WHAT TO WORK ON: Set down the full listing below word for word; pictures stay out of the copy.

═════ DATASET EXCERPT

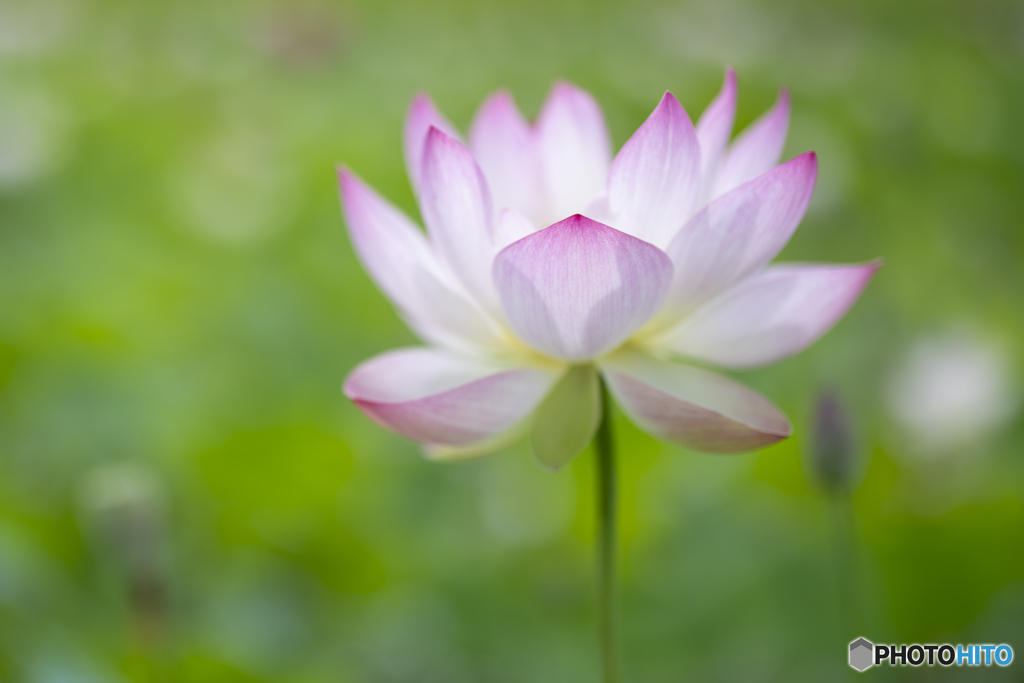蓮の花①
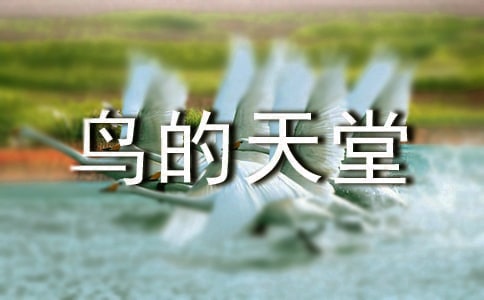 ���Ƽ�����������á���ѧ��˼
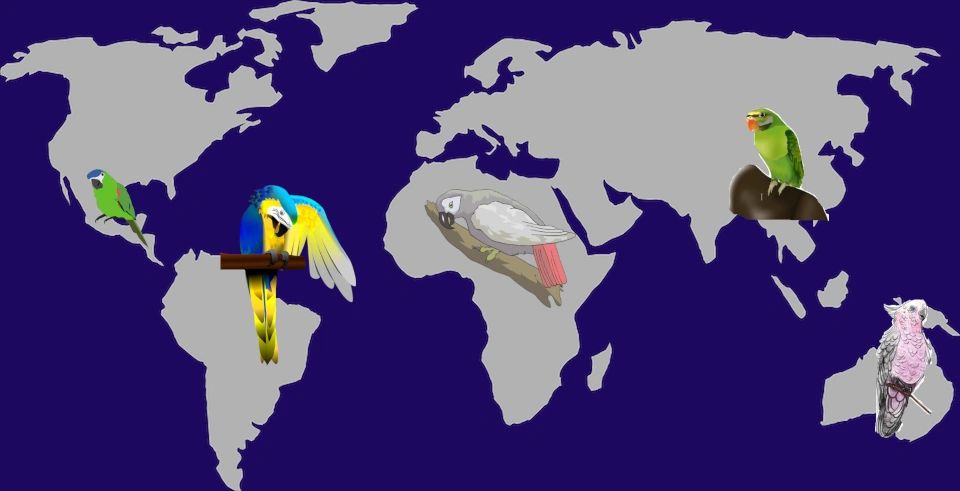 parrot habitat map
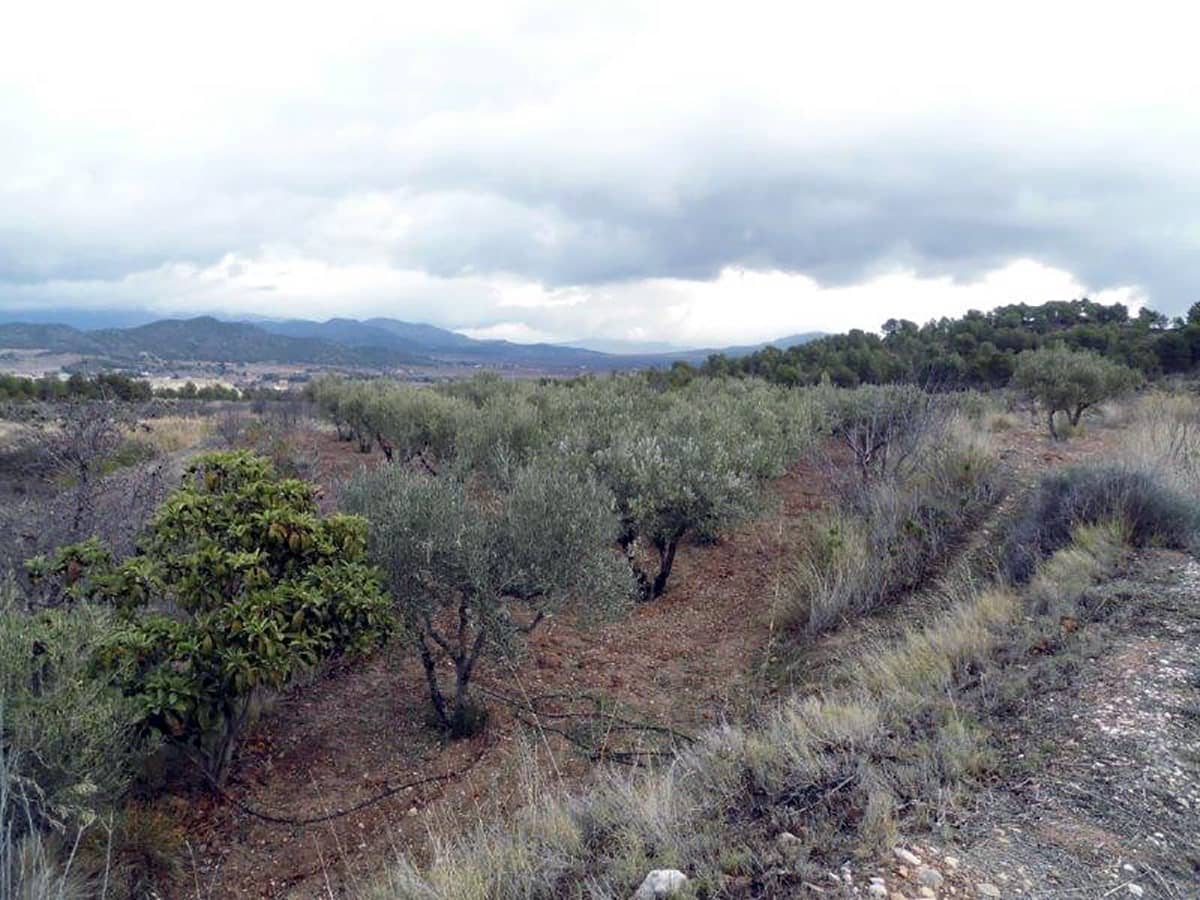 1 soveværelse Finca/Landehus til salg i Casas del Senor med swimmingpool - € 85.000 (Ref: 3312178)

══════════

ANSWER:
蓮の花①
 ���Ƽ�����������á���ѧ��˼
 parrot habitat map
 1 soveværelse Finca/Landehus til salg i Casas del Senor med swimmingpool - € 85.000 (Ref: 3312178)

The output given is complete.